▶ **THE TASK**
Give exactly the lines from the one with "Casă cu Teren 3100 Mp în Băneasa - 6" through the final line of the listing below, both included, leaving out any pictures.

START INFORMATION PROVIDED

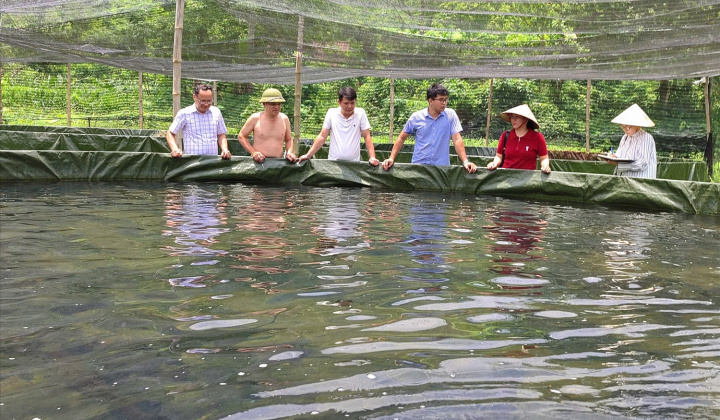 Mô hình nuôi cá tầm mở hướng giảm nghèo ở vùng cao Thần Sa (Thái Nguyên)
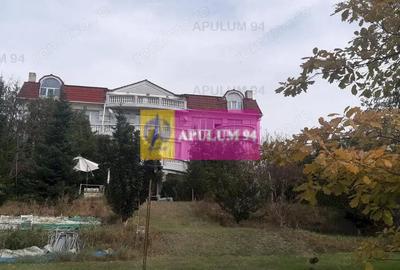 Casă cu Teren 3100 Mp în Băneasa - 6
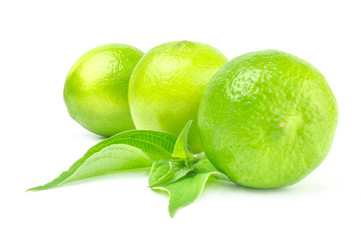 Three fresh limes in line isolated on white with leaves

END INFORMATION PROVIDED

▶ **ANSWER SECTION**
 Casă cu Teren 3100 Mp în Băneasa - 6
 Three fresh limes in line isolated on white with leaves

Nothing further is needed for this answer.